Fact: Hes not a all-star level PG imo

F/F Ty Lawson will make an all rookie NBA team


----------



## HB (May 1, 2004)

Fiction I think Jennings, Curry, Flynn, Rubio will all battle for those two pg spots.

F/F Harangody gets taken in the first round


----------



## o.iatlhawksfan (Mar 3, 2006)

Fiction To much of a reach, some think he'll go undrafted


F/F Ricky Rubio will be a starting PG from day 1


----------



## bball2223 (Jul 21, 2006)

HB said:


> F/F Harangody gets taken in the first round


Harangody is coming back to Notre Dame. 




o.iatlhawksfan said:


> F/F Ricky Rubio will be a starting PG from day 1


Fact. Especially if he ends up in Memphis, OKC, or Sacto. 

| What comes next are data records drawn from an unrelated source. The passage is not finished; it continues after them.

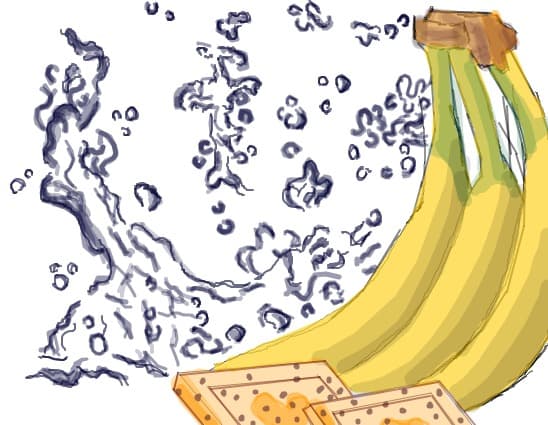 Fresh Fruit...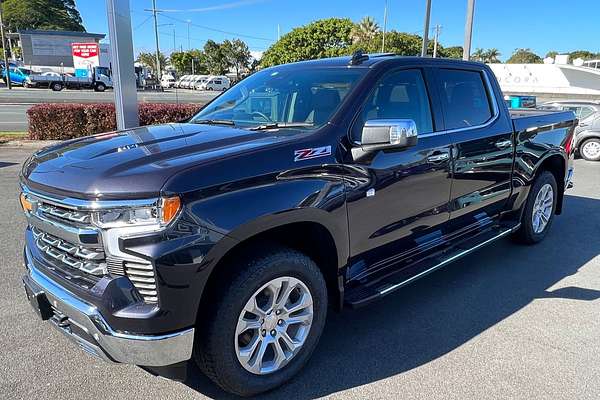 2023 Chevrolet Silverado 1500 LTZ Premium W/Tech Pack T1 4X4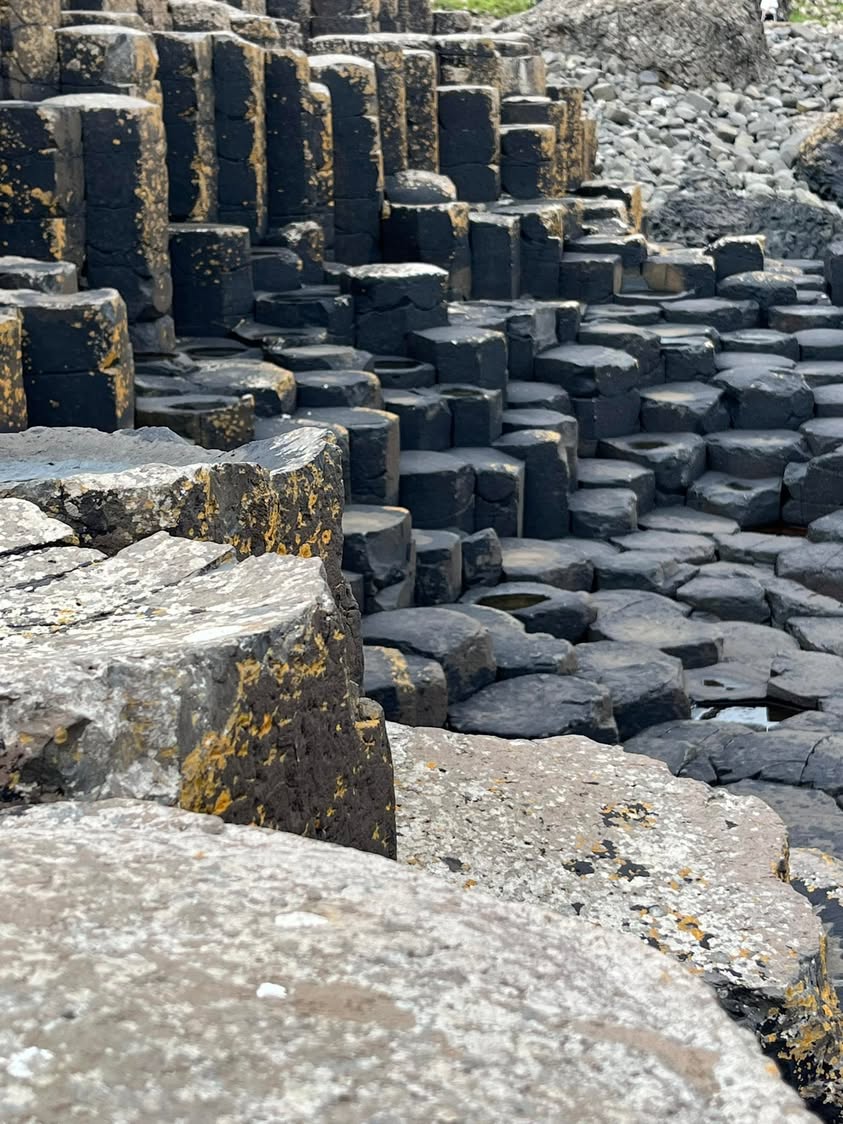 Giant's Causeway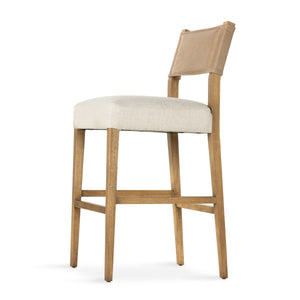 Ferris Bar + Counter Stool - Thames Cream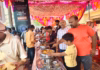 बस्ती में छठे बड़े मंगलवार पर भक्ति का उमड़ा सैलाब, जगह-जगह भंडारे और सुंदरकांड पाठ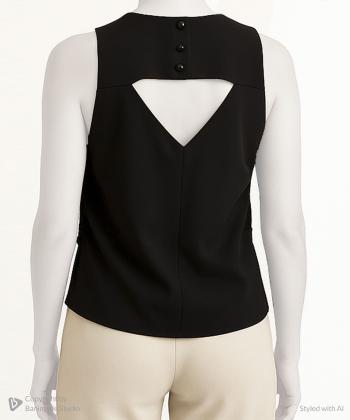 تاپ كرپ زنانه ريس كد 1056011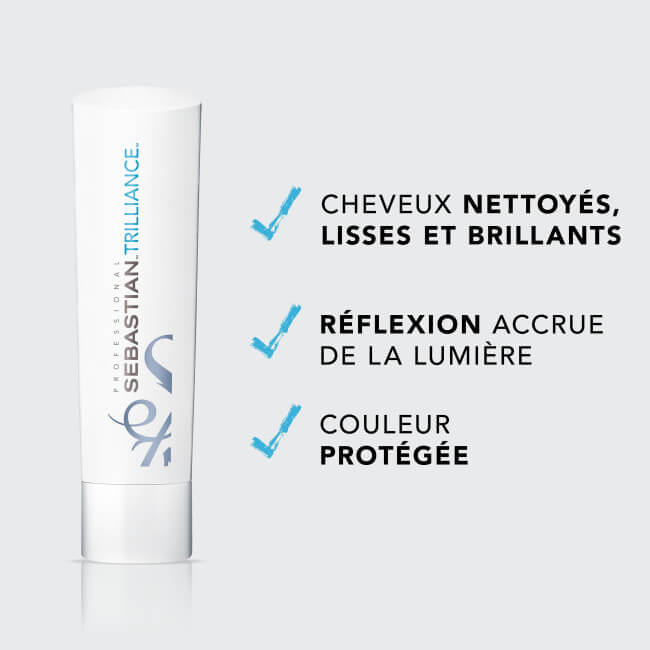 Trilliance Conditioner Sebastian 250 ml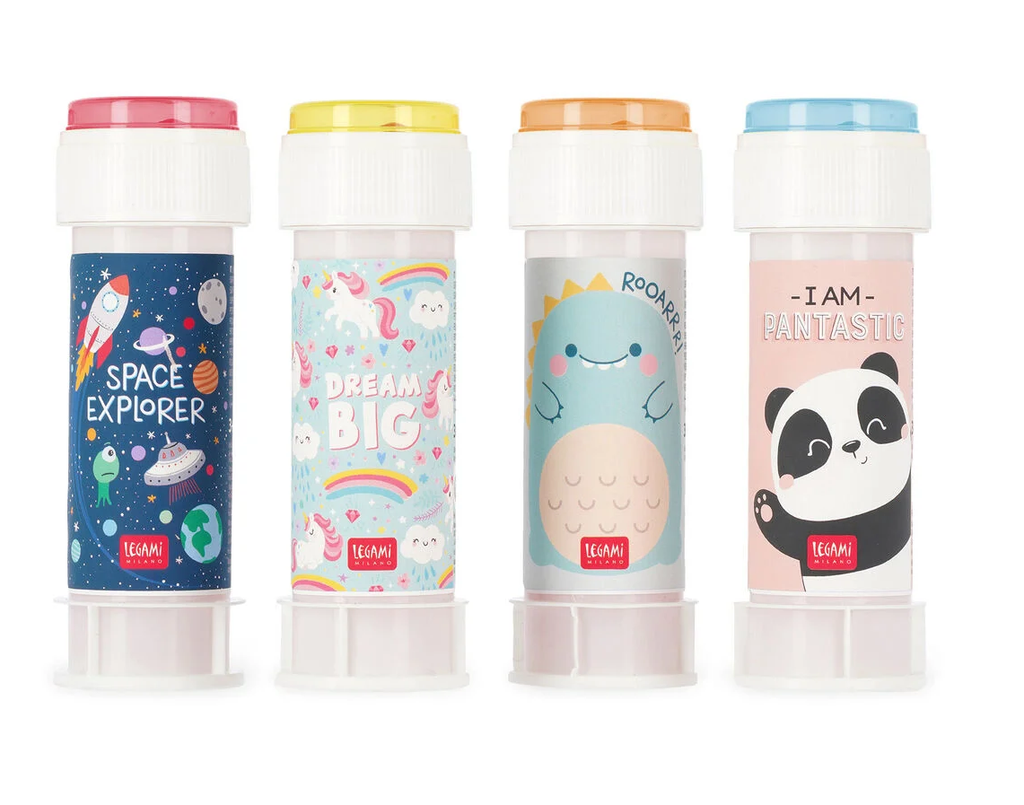 BUBBLE BUBBLE SOAP BUBBLES LEGAMI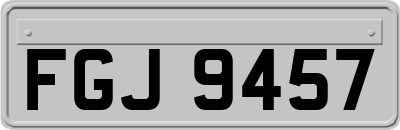 FGJ9457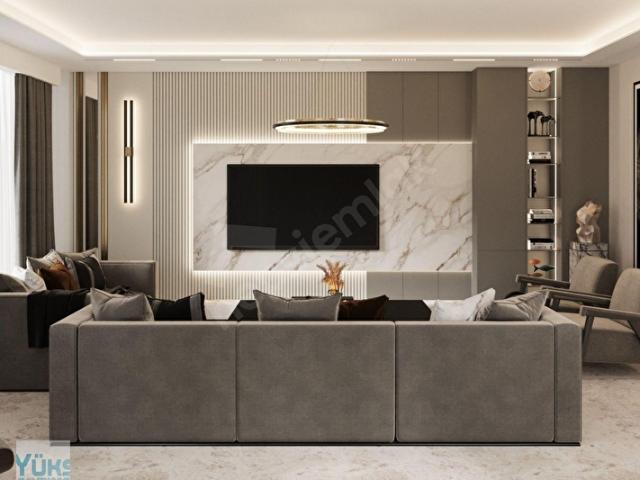 Denizli içerisinde satılık Villa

F/F Ty Lawson is the next PG selected after Rubio


----------



## SheriffKilla (Jan 1, 2004)

Fiction 
Its gonna be Jennings or Flynn (curry if you count him a PG)

F/F:
Griffin, Harden, Thabeet, Rubio will be the first 4 players taken(not necessirily in that order)


----------



## bball2223 (Jul 21, 2006)

Fact. Only played I could see sneaking in that group is maybe Brandon Jennings if Sacramento takes him. 



F/F Someone drafted outside the first 5 picks will win the ROY


----------



## croco (Feb 14, 2005)

Fiction because Griffin is almost a lock.

F/F: Jrue Holiday is going to be an All-Star ten years from now.


----------



## Vermillion (Mar 23, 2004)

HB said:


> Fiction I think Jennings, Curry, Flynn, Rubio will all battle for those two pg spots.


They don't consider positions for rookie teams though. But I agree with "Fiction".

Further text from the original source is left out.